‘Totally unacceptable’ - Cladding fears for Waterfront blocks near Aurora
- Credit: TERRY COLTHORPE/ARCHANT
Five blocks of flats on Ipswich’s Waterfront have cladding issues identified after the Grenfell disaster, it can be revealed - costing owners in one building hundreds of pounds extra per flat.
Fire safety problems have been identified at apartments in the Orwell Quay development - at 1, 3, 5 and 7 Anchor Street as well as 51 Patteson Road - after an independent inspection carried out earlier this year.
Two of the blocks - 7 Anchor Street and 51 Patteson Road - are above 18m and therefore qualify for government funding for cladding repairs.

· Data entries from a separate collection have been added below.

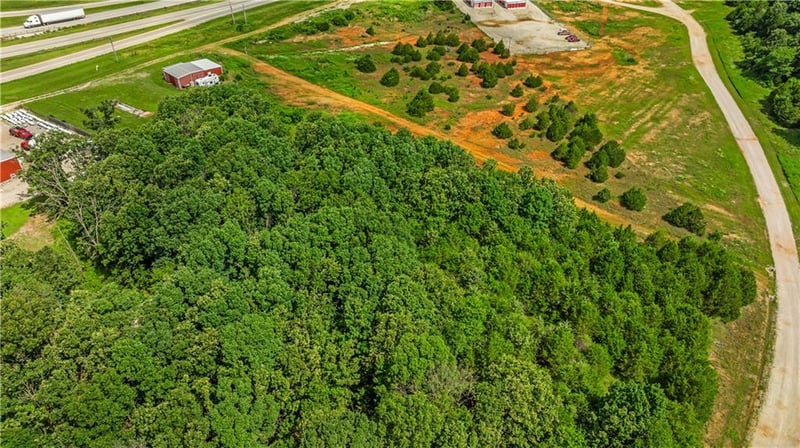 240 Cycle Ln, Lebanon, MO 65632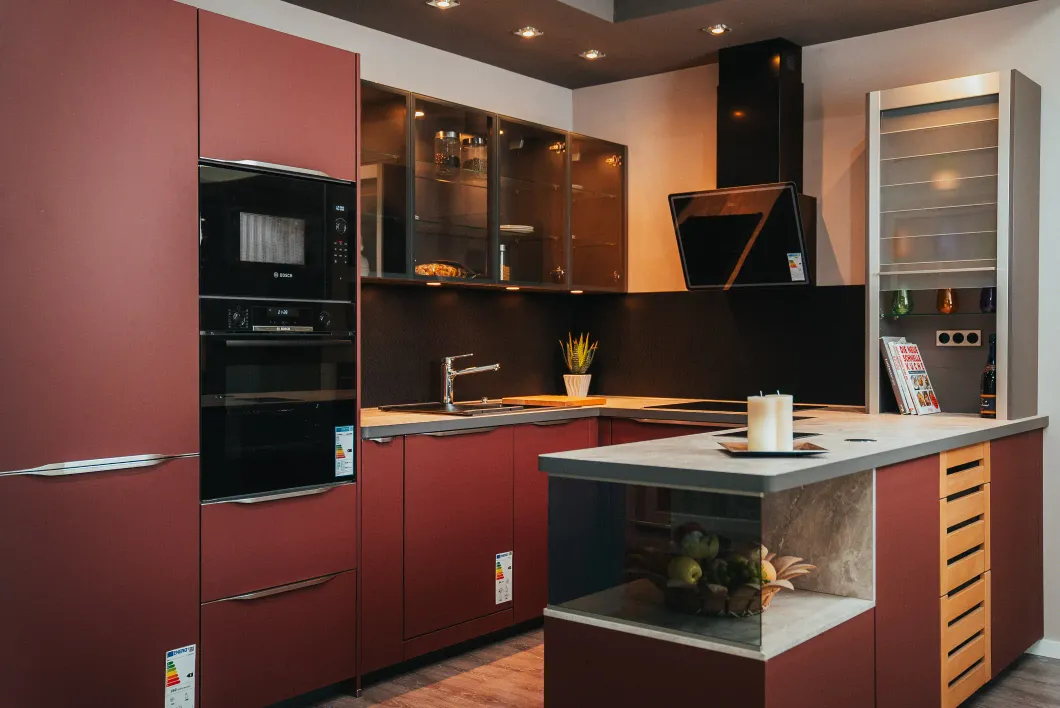 Moderne Küche in Dunkelrot – Küchenreferenz von Knop Küchentrends in Neustadt in Holstein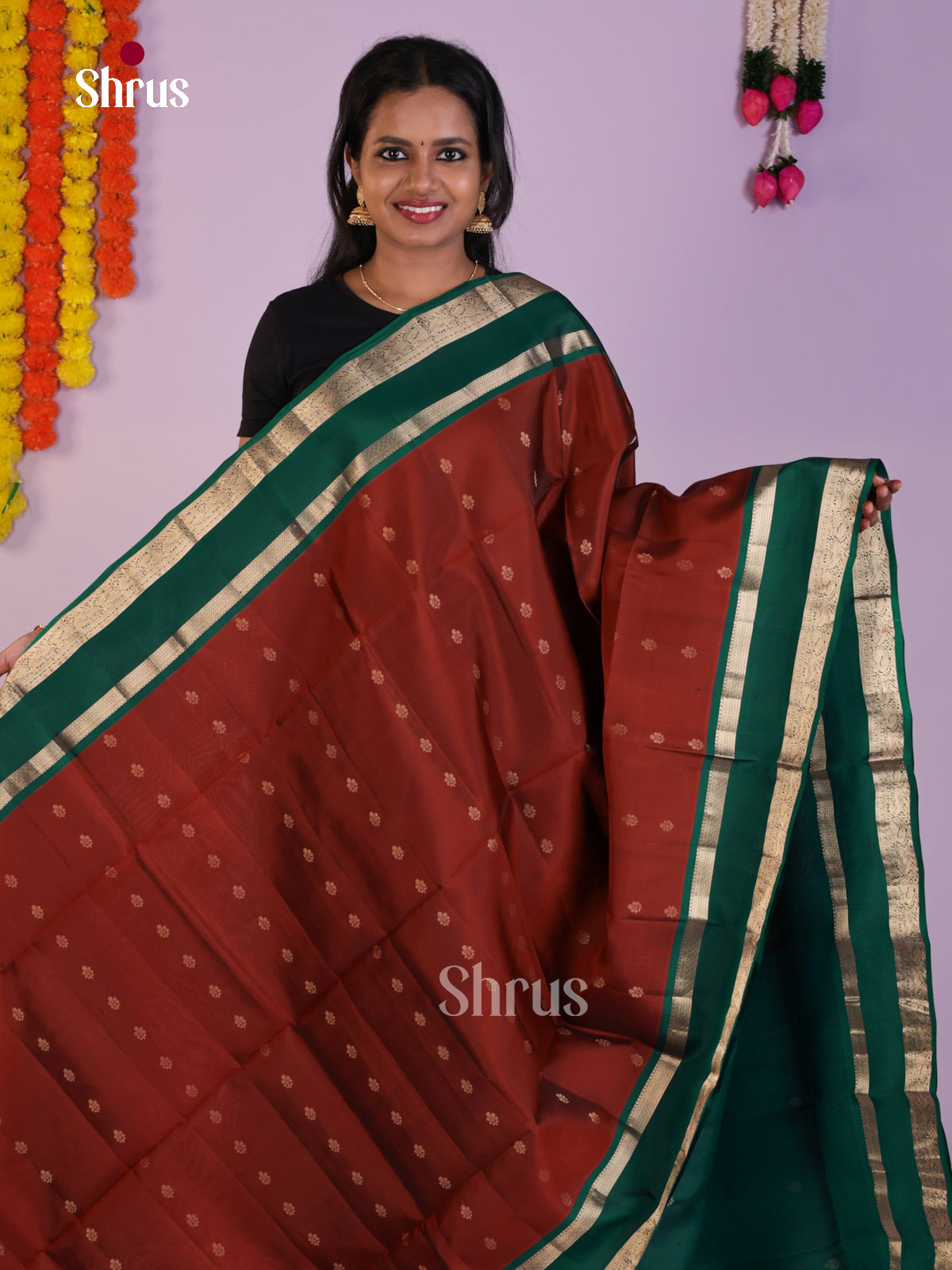 Beautiful Arakku & Green Soft Silk  Saree with zari buttas & rettaipet border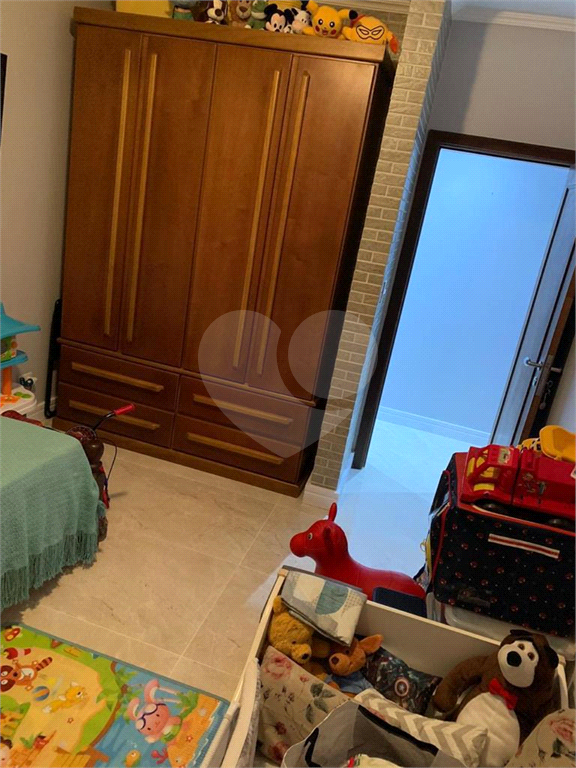Apartamento à Venda - 2 Dormitórios, Quintal e Garagem!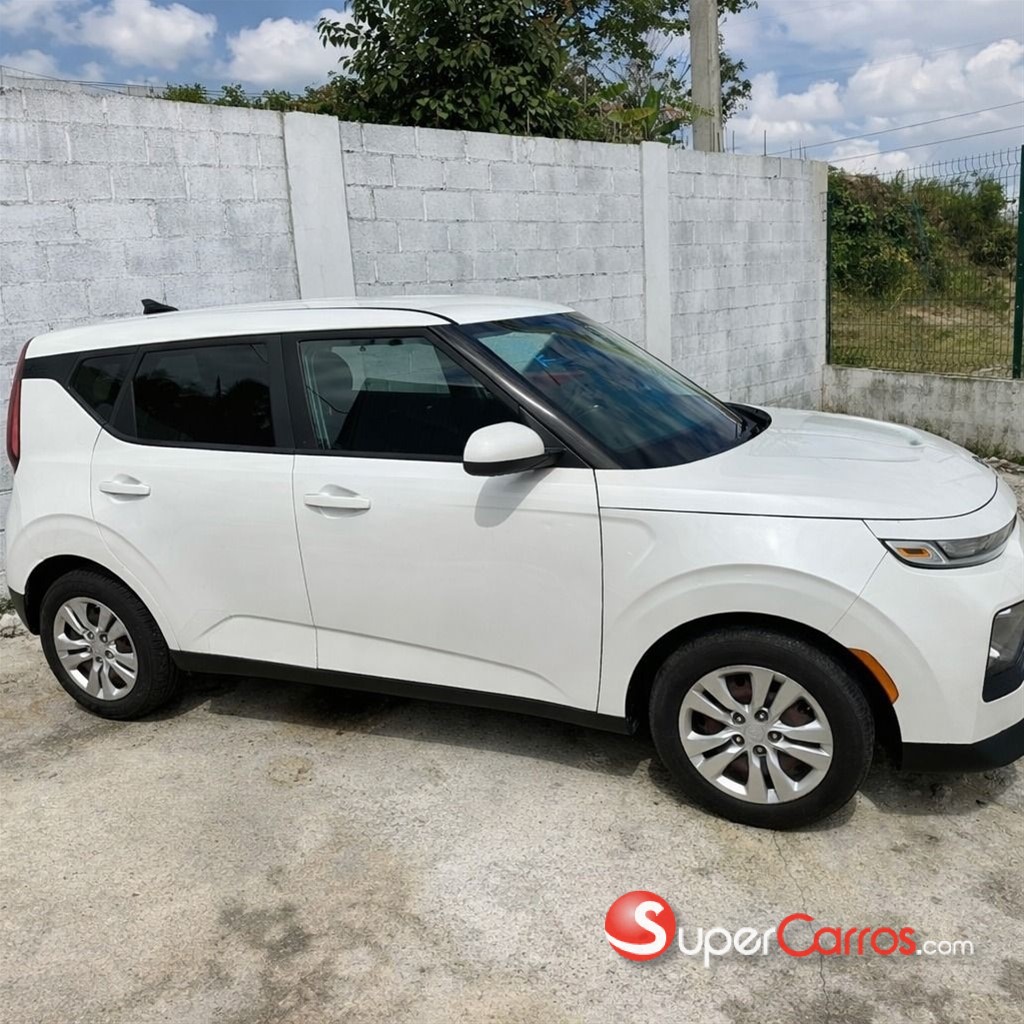 2020 Kia Soul LX — foto 9 / 12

Both have an ‘insulated render system’, which is a decorative form of cladding using thermal insulation and finished with a render (usually paint).
Other fire safety concerns identified in the taller blocks include timber decking on balconies, timber cladding and issues with cavity barriers, which act to block the spread of fire through walls.
However, the middle three blocks - 1, 3 and 5 Anchor Street - are under 18m and now the developments’ managing agents EWS have informed leaseholders and apartment owners that insurance premiums have rocketed.
The three middle buildings, sandwiched between the two taller blocks, have similar problems with timber cladding, timber decking and fire barriers.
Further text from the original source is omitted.